Another important feature of the Indian Judicial system is that our system has been designed on the pattern of the adversarial system. This is to be expected since courts based on the common law system tend to follow the adversarial system of conducting proceedings instead of the inquisitorial system. In an adversarial system, there are two sides in every case and each side presents its arguments to a neutral judge who would then give an order or a judgment based upon the merits of the case. Indian judicial system has adopted features of other legal systems in such a way that they do not conflict with each other while benefitting the nation and the people. For example, the Supreme Court and the High Courts have the power of judicial review. This is a concept prevalent in the American legal system. According to the concept of judicial review, the legislative and executive actions are subject to the scrutiny of the judiciary and the judiciary can invalidate such actions if they are ultra vires of the Constitutional provisions. In other words, the laws made by the legislative and the rules made by the executive need to be in conformity with the Constitution of India.

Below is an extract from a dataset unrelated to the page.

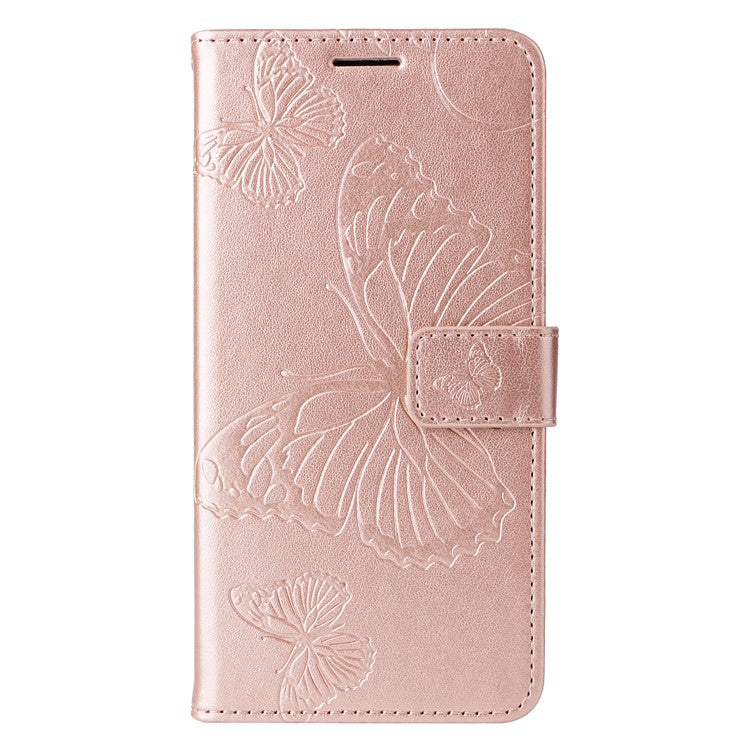 KT Imprinting Flower Series-2 For Oppo A3x 4G / 5G (India) / A3 4G / 5G / A60 5G / A40 4G / A40M 4G Case Butterfly Leather Phone Cover - Rose Gold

The cases instituted by the state police and the Central Investigating Agency are adjudicated by the courts. We have a fourtier structure of courts in India. At the bottom level is the Court of Judicial Magistrates. It is competent to try offences punishable with imprisonment of three years or less. Above it is the Court of Chief Judicial Magistrates, which tries offences punishable with less than 7 years. At the district level, there is the Court of District and Sessions Judge, which tries offences punishable with imprisonment of more than 7 years. In fact, the Code specifically enumerates offences which are exclusively triable by the Court of Sessions. The highest court in a state is the High Court. It is an appellate court and hears appeals against the orders of conviction or acquittal passed by the lower courts, apart from having writ jurisdiction. It is also a court of record. The law laid down by the High Court is binding on all the courts subordinate to it in a state. At the apex, there is the Supreme Court of India. It is the highest court in the country. All appeals against the orders of the High Courts in criminal, civil and other matters come to the Supreme Court. This Court, however, is selective in its approach in taking up cases. The law laid down by the Supreme Court is binding on all the courts in the country .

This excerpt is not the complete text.